I would call myself a proponent of big data and, correspondingly, big data analytics. As a professional who has been involved in high-performance computing since the late 80s, I am glad to finally see the rapid adoption of commodity-based systems providing data distribution and parallel computing, such as what can be assembled and deployed using Hadoop.
One particularly curious innovation, at least to me, is the concept of the “data lake.” According to TechTarget, a data lake is “a large object-based storage repository that holds data in its native format until it is needed.” A data lake provides a place for collecting data sets in their original format, making those data sets available to different consumers, and allowing data users to consume that data in ways specific to their need. The benefits of the data lake concept include the ability to rapidly spin up a data repository, rapid ingestion of new data sources, and the direct data accessibility to analytical models and applications.
However, ability to allow data users to consume the data in their own ways seems to hide a potential time-bomb in terms of ensuring consistency of interpretation of data and quality of results of analysis. The issue is that the subtext mantra of the data lake is the capture of data sets in their original state and the deferral of data standardization, validation, and organization until the point of consumption. I don’t object to providing degrees of flexibility to the user community to adapt the data in their own ways. My concern is that without instituting control over the management of consumption models, there is bound to be duplicated work, variant methods of applying similar constraints and standards, and generally a degree of entropy that casts doubt about the veracity of analytical results.
In fact, what seems to be emerging leaves me with a feeling of déjà vu – data users complaining about the elongated time to profile and validate data, the apparently self-organized data silos (driven by source, not function), and multiple users left to their devices for data mapping and transformation. So I have to admit that when I was recently briefed by folks at Informatica about their latest release, I was relieved to see that at last there is a vendor who has not only recognized that these challenges are real, but also that they need to be addressed by integrating data governance, stewardship, and quality into a framework for end-to-end big data management.
I would call out two key features of this concept. The first is expanding the data integration capabilities of the tool suite to ingest a broad array of structured and unstructured data configurations, tunable to adapt to rapid changes in the sources (especially continuous and non-relational streams, whose formats are subject to change with little or no notice). Embedding logic within the information ingestion and flow processes allows for self-adjustment and dramatically reduces developer overhead as the formats evolve.
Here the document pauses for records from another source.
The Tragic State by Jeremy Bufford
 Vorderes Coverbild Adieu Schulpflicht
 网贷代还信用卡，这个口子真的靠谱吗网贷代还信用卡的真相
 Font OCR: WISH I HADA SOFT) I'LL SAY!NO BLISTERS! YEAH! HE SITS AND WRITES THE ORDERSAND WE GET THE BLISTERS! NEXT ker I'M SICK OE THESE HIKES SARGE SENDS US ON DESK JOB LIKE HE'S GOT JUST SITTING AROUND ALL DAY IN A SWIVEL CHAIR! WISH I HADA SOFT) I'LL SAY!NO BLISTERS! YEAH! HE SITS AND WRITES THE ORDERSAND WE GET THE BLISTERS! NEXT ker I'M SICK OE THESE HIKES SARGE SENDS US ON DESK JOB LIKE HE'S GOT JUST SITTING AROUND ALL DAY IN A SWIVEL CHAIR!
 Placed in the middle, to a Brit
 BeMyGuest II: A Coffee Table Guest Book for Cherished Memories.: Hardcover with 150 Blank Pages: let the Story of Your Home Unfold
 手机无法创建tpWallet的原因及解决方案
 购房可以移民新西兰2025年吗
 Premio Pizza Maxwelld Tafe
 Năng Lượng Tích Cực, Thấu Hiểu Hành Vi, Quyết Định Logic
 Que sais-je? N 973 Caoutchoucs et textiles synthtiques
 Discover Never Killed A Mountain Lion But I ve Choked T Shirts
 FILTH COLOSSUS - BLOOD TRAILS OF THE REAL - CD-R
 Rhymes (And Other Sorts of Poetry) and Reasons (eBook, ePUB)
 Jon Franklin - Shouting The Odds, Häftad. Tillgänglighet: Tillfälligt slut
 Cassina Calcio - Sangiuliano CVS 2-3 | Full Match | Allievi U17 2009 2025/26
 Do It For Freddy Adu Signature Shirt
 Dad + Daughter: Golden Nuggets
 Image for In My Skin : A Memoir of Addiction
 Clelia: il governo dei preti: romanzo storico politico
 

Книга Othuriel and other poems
The second is the inclusion of metadata capabilities to facilitate governance of big data. The key aspects of big data governance include a shared enterprise business glossary that is ripe for collaborative discussion and analysis, profiling and discovery utilities for big data sets to inform data quality initiatives that can also be shared among data consumers, and end-to-end data lineage enabling monitoring of data flows to assess opportunities for optimization, reduce duplicative coding efforts, and to evaluate impacts as data sources change over time.
I am confident that awareness of balancing the governance needs against the potential benefits of big data and the data lake will help narrow the overwhelming manual efforts that could explode as a result of increased data sources, volumes, and variability. As the prominent vendors like Informatica continue to call out the potential issues and provide solutions, the integrity of predictive and prescriptive models will enhance the creation of corporate value.
How prepared is your organization for technology transition? Are you aware of the different facets of the process for a strategic technology renovation plan? We would like to find out, and therefore we are conducting a survey of technology professionals and their management hierarchy on transitioning to new technology (bit.ly/decisionworxsurvey). All respondents are eligible for a copy of the survey report and will be entered into a drawing for a free copy of my book “Big Data Analytics: From Strategic Planning to Enterprise Integration with Tools, Techniques, NoSQL, and Graph.”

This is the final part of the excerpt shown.